====== Records for this task
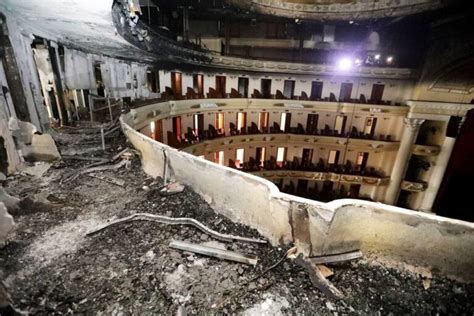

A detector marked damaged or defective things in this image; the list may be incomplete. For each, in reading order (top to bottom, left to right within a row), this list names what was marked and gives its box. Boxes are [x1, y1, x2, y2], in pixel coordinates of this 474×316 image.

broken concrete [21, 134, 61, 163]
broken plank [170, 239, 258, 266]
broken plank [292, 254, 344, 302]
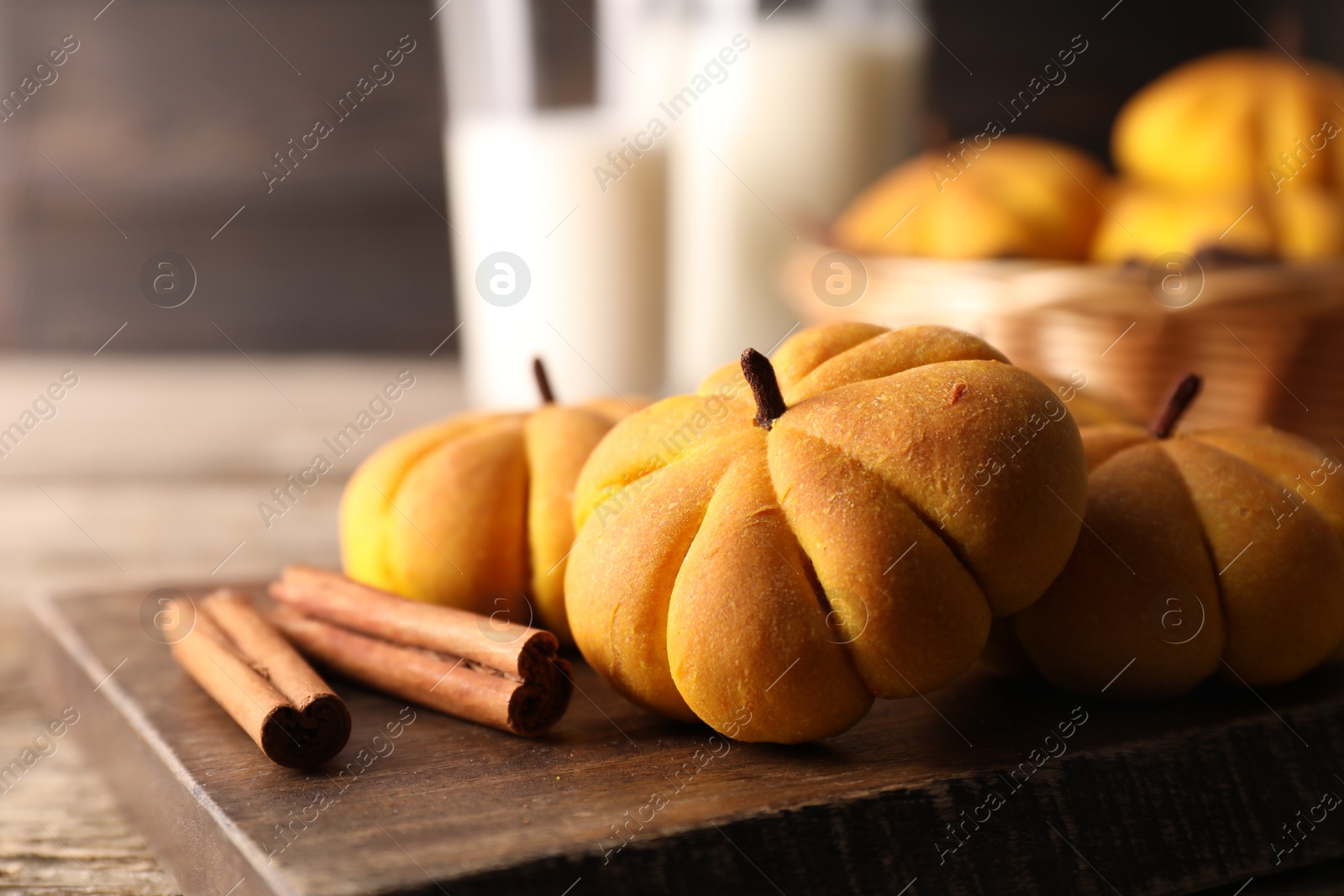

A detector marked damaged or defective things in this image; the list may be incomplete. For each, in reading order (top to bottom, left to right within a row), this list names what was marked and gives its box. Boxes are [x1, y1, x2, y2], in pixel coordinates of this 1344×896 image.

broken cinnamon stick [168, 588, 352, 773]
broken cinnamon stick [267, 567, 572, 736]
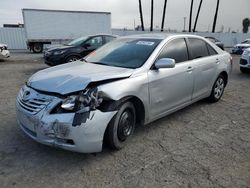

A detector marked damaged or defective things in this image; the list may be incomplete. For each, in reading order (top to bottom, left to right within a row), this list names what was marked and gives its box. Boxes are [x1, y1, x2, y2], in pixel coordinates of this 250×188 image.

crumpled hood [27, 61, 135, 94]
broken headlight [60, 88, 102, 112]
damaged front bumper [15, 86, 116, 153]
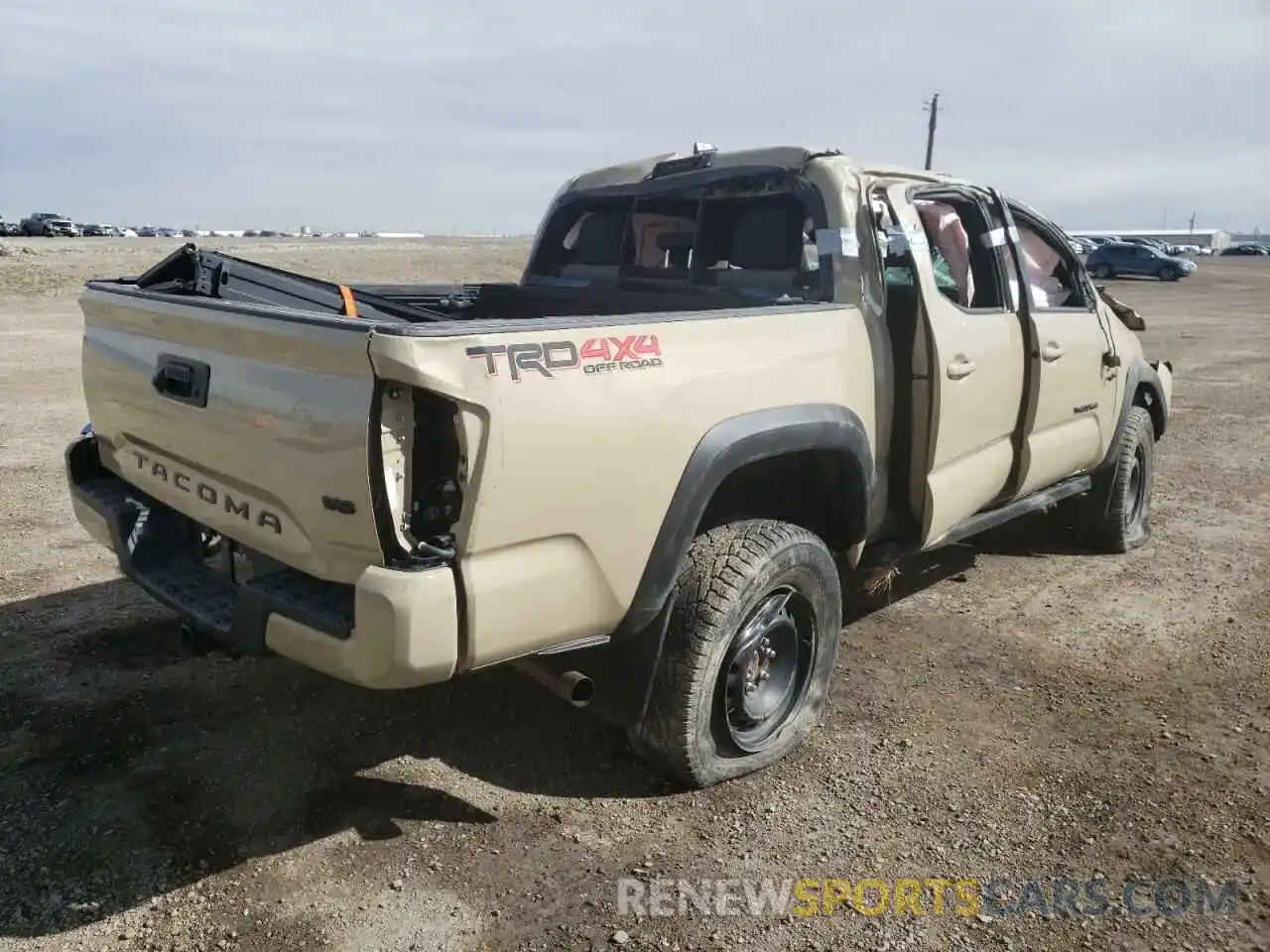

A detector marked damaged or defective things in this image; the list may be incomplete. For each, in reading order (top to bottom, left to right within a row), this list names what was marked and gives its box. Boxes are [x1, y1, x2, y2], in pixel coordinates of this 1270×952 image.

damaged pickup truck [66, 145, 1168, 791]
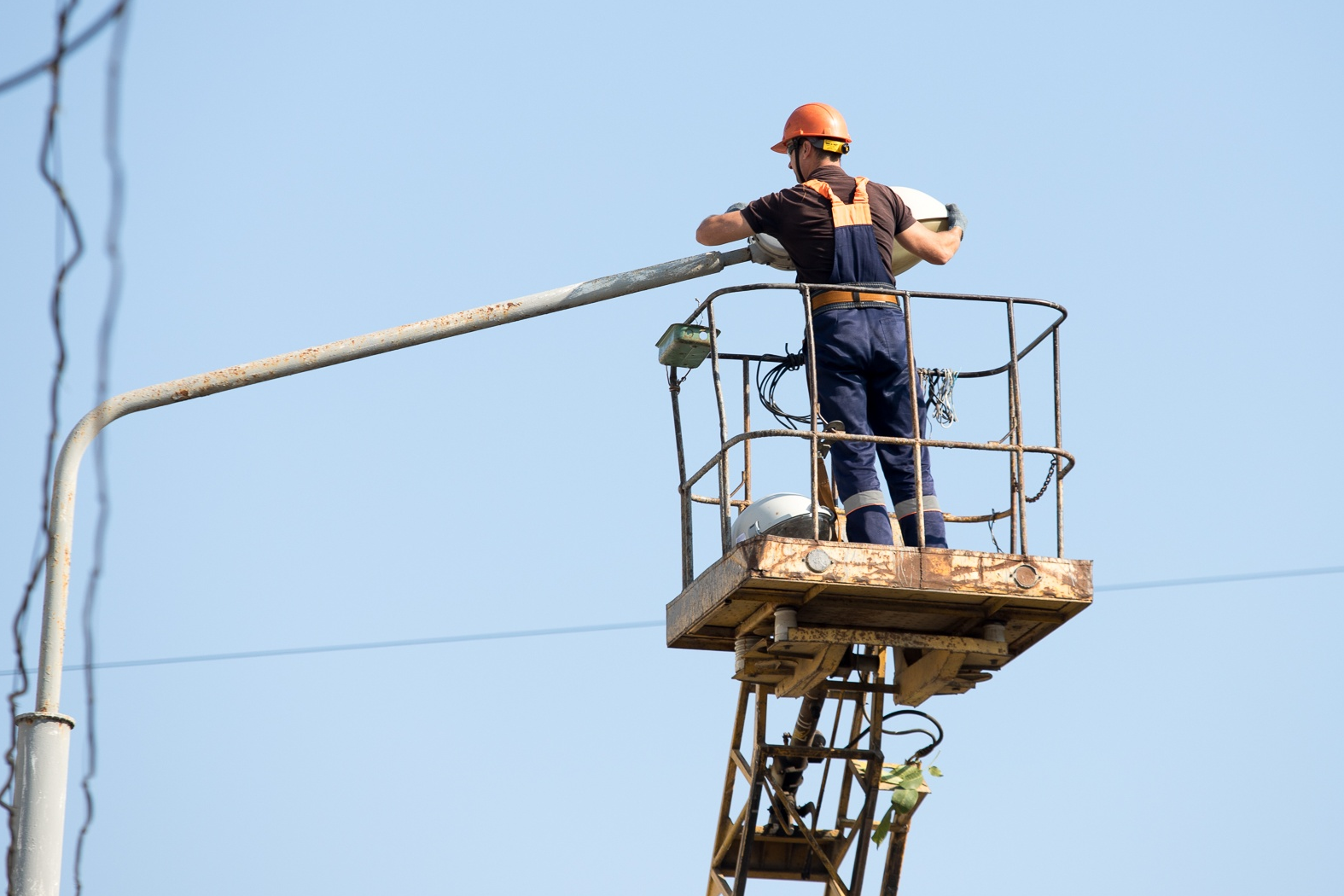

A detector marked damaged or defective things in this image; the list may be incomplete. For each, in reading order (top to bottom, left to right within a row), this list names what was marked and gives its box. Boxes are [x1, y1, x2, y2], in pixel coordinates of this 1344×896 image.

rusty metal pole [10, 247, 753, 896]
============
▶ **Work instructions**: Repeat the records above exactly. No pictures go into the repeat.

▶ **Reply**:
A detector marked damaged or defective things in this image; the list may be incomplete. For each, in reading order (top to bottom, left to right within a row), this list names what was marked and gives its box. Boxes are [x1, y1, x2, y2], in pixel coordinates of this 474×316 image.

broken concrete [21, 134, 61, 163]
broken plank [170, 239, 258, 266]
broken plank [292, 254, 344, 302]

A detector marked damaged or defective things in this image; the list may be incomplete. For each, in reading order (top to bottom, left to right within a row), this list names what was marked and gives its box. Boxes are [x1, y1, x2, y2], in pixel coordinates of this 1344×896 image.

broken cinnamon stick [168, 588, 352, 773]
broken cinnamon stick [267, 567, 572, 736]

A detector marked damaged or defective things in this image; the list may be incomplete. For each, in reading order (top to bottom, left to right within a row), this list names what was marked and gives its box. Boxes are [x1, y1, x2, y2], in pixel coordinates of this 250×188 image.

crumpled hood [27, 61, 135, 94]
broken headlight [60, 88, 102, 112]
damaged front bumper [15, 86, 116, 153]

A detector marked damaged or defective things in this image; the list may be incomplete. For each, in reading order (top to bottom, left to right within a row), this list names what was marked and gives its box. Boxes are [x1, y1, x2, y2], in pixel coordinates of this 1270×952 image.

damaged pickup truck [66, 145, 1168, 791]

A detector marked damaged or defective things in this image; the list may be incomplete. For each, in reading order (top to bottom, left to right within a row), this list names what was marked and gives its box. Boxes are [x1, y1, x2, y2], in pixel coordinates of this 1344×896 image.

rusty metal pole [10, 247, 753, 896]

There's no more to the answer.